Abbasid governor of Syria
- In office 750–754
- Monarch: al-Saffah
- Succeeded by: Salih ibn Ali

Personal details
- Born: c. 712
- Died: 764 (aged 52)
- Resting place: Bab al-Sham cemetery, Baghdad, Abbasid Caliphate (modern-day Iraq)
- Parent(s): Ali ibn Abd Allah ibn al-Abbas Umm Abiha bint Abd Allah
- Relatives: Muhammad ibn Ali (brother); Salih ibn Ali (brother); Abd al-Samad ibn Ali (brother); Dawud ibn Ali (brother);

Military service
- Allegiance: Abbasid Caliphate
- Years of service: 750–754
- Rank: General
- Battles/wars: Abbasid Revolution Battle of the Zab; ;

= Abd Allah ibn Ali =

Abbasid governor of Syria (c.712–764)

Abū Muḥammad ʿAbd Allāh ibn ʿAlī (أبو محمد عبد الله بن علي; – 764 CE) was a member of the Abbasid dynasty, and played a leading role in its rise to power during the Abbasid Revolution. As governor of Syria, he consolidated Abbasid control over the province, eliminating the remnants of the Umayyad dynasty and suppressing pro-Umayyad uprisings. After the death of his nephew and first Abbasid caliph, al-Saffah, in 754, he launched a bid for the caliphal title against al-Saffah's brother, al-Mansur, but was defeated and imprisoned. He was killed in 764.

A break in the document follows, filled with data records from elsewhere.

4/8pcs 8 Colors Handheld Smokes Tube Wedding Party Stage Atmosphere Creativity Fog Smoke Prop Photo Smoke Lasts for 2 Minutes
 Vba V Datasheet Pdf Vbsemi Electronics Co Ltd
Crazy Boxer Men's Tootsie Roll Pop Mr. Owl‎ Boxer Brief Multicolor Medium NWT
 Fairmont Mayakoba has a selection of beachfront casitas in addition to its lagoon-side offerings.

==Role in the Abbasid Revolution==
Abd Allah was a member of the Abbasid family, born to Ali ibn Abd Allah ibn al-Abbas and Umm Abiha bint Abd Allah bint Ja'far, and uncle to the first two Abbasid caliphs, al-Saffah and al-Mansur.

By early 749, the anti-Umayyad uprising that had begun under Abu Muslim in Khurasan had prevailed in the eastern lands of the Caliphate, and the Khurasani armies swept west across Persia to the borders of Iraq. In October 749, al-Saffah was proclaimed Caliph at Kufa, and quickly gained the acceptance of Abu Muslim and the Kufans, thereby forestalling an Alid bid for control of the revolution. To cement Abbasid control, al-Saffah now appointed members of his own family to command the armies: his brother, the future al-Mansur, was sent to lead the Siege of Wasit, while Abd Allah was sent to confront the Umayyad caliph Marwan II in the Jazira.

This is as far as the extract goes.